- EXERCISE INSTRUCTIONS -
Beneath this instruction is a listing; print exactly the lines in it starting at the line that contains "Pesuvahend Chicco Baby" and going through the line that contains "Notatnik Moleskine XL".

- GIVEN DATA -

= = = = =

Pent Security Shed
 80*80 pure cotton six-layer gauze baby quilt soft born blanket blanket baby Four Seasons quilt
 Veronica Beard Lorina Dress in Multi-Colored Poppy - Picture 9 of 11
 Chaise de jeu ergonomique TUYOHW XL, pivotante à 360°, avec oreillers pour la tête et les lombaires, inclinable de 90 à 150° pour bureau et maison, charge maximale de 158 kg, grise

= = = = =

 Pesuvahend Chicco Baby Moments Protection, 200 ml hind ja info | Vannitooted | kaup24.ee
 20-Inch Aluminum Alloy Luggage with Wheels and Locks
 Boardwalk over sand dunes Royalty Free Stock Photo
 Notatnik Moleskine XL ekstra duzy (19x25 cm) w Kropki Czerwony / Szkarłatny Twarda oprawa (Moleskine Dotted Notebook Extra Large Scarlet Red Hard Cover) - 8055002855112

= = = = =

- RESPONSE -
 Pesuvahend Chicco Baby Moments Protection, 200 ml hind ja info | Vannitooted | kaup24.ee
 20-Inch Aluminum Alloy Luggage with Wheels and Locks
 Boardwalk over sand dunes Royalty Free Stock Photo
 Notatnik Moleskine XL ekstra duzy (19x25 cm) w Kropki Czerwony / Szkarłatny Twarda oprawa (Moleskine Dotted Notebook Extra Large Scarlet Red Hard Cover) - 8055002855112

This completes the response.